Mixing multiple color channels within an optical train isn't that difficult - it's done in 3-chip projectors all the time. The problem is that it's bulky, complex, and not horribly efficient. Very few fixtures are using this approach (I know of 2, both from the same manufacturer). Putting a diffuser some distance in front of the fixture is an example of this.



Getting the sources close together is the simpler approach, but it has its own collection of problems. First is that you need an LED package that has multiple color channels in the same package. Second, packing more LEDs (and thus more power) into a smaller area, the thermal management problem becomes more complex. Third, getting consistent color becomes more difficult because you can no longer bin each color individually - your package has multiple color channels, each with their own binning. So you've gone from x bins per LED to x^n bins, where n is the number of color channels. And then there's the sourcing issue. Not all LED vendors make multichannel packages, and those that do aren't putting their latest technology into those packages. The available multichannel packages are all a generation behind cutting edge (at least). Multicolor packages also have a larger emitting area, often with different optical centers for each color. This makes getting narrow beams difficult, if not impossible, at least if you don't want significant beam artifacts. The Elation fixtures [Elation OPTI TRI 30] listed are using a tri-LED, which puts 3 colors of LED in a single package, complete with all the associated drawbacks.



That said, colormixing within the fixture not only eliminates the ''Lite Brite'' look, but also helps to eliminate the multicolored shadows you get from LEDs that are spaced out. There are also advantages to spacing out the LEDs, instead of combining them all into a single source. Higher brightness, higher efficiency, and passive thermal management are all advantages of using multiple single-color LEDs.



The information I have on the Elation fixture comes directly from Elation's datasheet http://www.elationlighting.com/pdffiles/opti-tri30-cutsheet.pdf



There are some photos on page 2 of that datasheet that show the front of the fixture when it is mixing between 2 colors. Of interest is the photo where the fixture is producing magenta, and you can clearly see that the red and blue beams don't overlap perfectly.
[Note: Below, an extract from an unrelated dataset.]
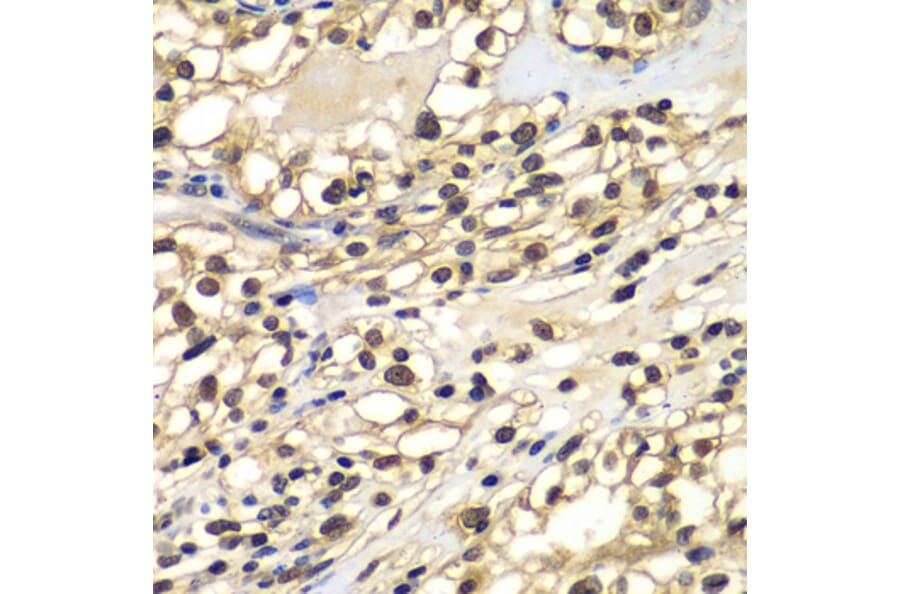 Immunohistochemistry - Anti-ZNF169 Antibody (A7486) - Antibodies.com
This issue is an artifact of the narrow optics and the fact that a tri-LED has a different optical center for each color. [LED optics are typically imaging optics]



''Binning'' is a way of quantifying the inherent variation between LEDs as they come off of a production line. Every manufacturer does things a bit differently, but a google search for ''LED binning'' turns up some useful info





And in the interests of full disclosure, I work for Philips Color Kinetics, a manufacturer of LED lighting fixtures.
 
Re: LED Beam Blending

I have used S4 PAR lenses with Elation Opti-Tri PARs and another LED PAR (I could look through my notes and figure out the make/model). With a bit of fiddling it is isn't too hard to make a bracket for the gel frame slot to hold the lens and they work pretty well. I know that others have done similar things.
 
Re: LED Beam Blending

With a bit of fiddling it is isn't too hard to make a bracket for the gel frame slot to hold the lens and they work pretty well. I know that others have done similar things.



Sounds interesting!



A while ago I got a whole pile of S4 lenses (as part of a job lot from a company that closed down) Somewhat annoyingly, I have only recently concluded eBaying them (since we don't own any multipars)



How does this arrangement hold up to gigging? Do you keep the lenses in or remove them for transit?
 
Re: LED Beam Blending

How does this arrangement hold up to gigging? Do you keep the lenses in or remove them for transit?



I do theatre lighting so I can't really answers these questions. I think it would really depend on how bomber the brackets you built are and how you want to transport the fixture. With the brackets I used, the lens is in front of the gel frame holder so you couldn't case the fixtures barrel-down without damaging stuff. It might be possible to build a bracket which doesn't present that issue and then you could leave them in.